As Louis grew into working, he made his living as a mine assessment worker, professional boxer, and merchant seaman. Doing this, he traveled the country and then the world. Eventually, he and his parents settled down in Choctaw, Oklahoma in the early 1930s, where he changed his name to Louis L’Amour and tried to make it as a writer. He had early success with poetry and then with articles, but his short stories didn’t take at first. But he kept at it until 1938 when his stories began appearing in pulp magazines with regularity. He toyed around with genre, only writing one Western before WWII, when he served as a lieutenant with the 362nd Quartermaster Truck Division and was sent off to Europe for two years.

Then he teamed up with editor and publisher Leo Margulies and started writing Westerns for Leo’s magazines. In the 1950s, he started selling novels. In ’52, Hollywood started gobbling up the screen rights, and they started with Hondo.

Louis L’Amour’s career flourished over the next 20 years. By the 1970s, his works had been translated into 10 languages, and during his life, he wrote 100 novels and over 250 short stories. Every one of his works is still in print. At the time of his death in ‘88, his sales topped 200,000,000.
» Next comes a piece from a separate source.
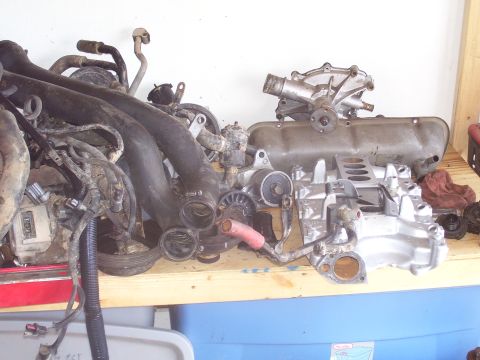 1991 Ford Bronco - Various engine components are laid out on a shelf, including an intake manifold, valve cover, and water pump.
He honored the good people, no matter their color or gender, and he disparaged cowardice, greed, and inaction in equal turns. L’Amour took care to show the best and the worst in the cultures he depicted. He wrote of savage Indians and savage army men, he wrote of noble natives and courageous cowboys, he wrote it all.

My favorite quote from Hondo comes when the title character is describing his first wife, since deceased, to the woman with whom he is boarding:

 “I don’t remember anything unhappy about Destarte.”

“Destarte! How musical! What does it mean?”

“You can’t say it except in Mescalero. It means Morning, but that isn’t what it means, either. Indian words are more than just that. They also mean the feel and the sound of the name. It means like Crack of Dawn, the first bronze light that makes the buttes stand out against the gray desert. It means the first sound you hear of a brook curling over some rocks—some trout jumping and a beaver crooning. It means the sound a stallion makes when he whistles at some mares just as the first puff of wind kicks up at daybreak.

“It means like you get up in the first light and you and her go out of the wickiup, where it smells smoky and private and just you and her, and kind of safe with just the two of you there, and you stand outside and smell the first bite of the wind coming down from the high divide and promising the first snowfall. Well, you just can’t say what it means in English. Anyway, that was her name. Destarte.”

Rather amazed, Angie stared at him. “Why, that’s poetry!”

“Huh? Didn’t mean to go on gabbing.”

 

And, while all of that is interesting, and does explain much of the foundation upon which an extensive body of fiction could be based, it doesn’t tell you why his books are good.

I think there are two reasons:

1. He knows how to write a story that moves. Every decision the characters make, every plot twist, every personality makes you want to turn the page to find out what happens next. The danger is imminent, the people are real and varied, and the eras and locations are vividly authentic.

2. He loves it. It’s obvious in how he writes – whether showcased in an all-out brawl between cowboys or a short, poetic description of the landscape, Louis L’Amour loves the West.

And you know what? So do we. The Latigo library is packed with all manner of fiction, but we have a whole shelf of Westerns (many of them L’Amour’s). But every day we get to wake up in the rugged Colorado mountains, brew a pot of coffee, and live it.

Latigo is waiting for you.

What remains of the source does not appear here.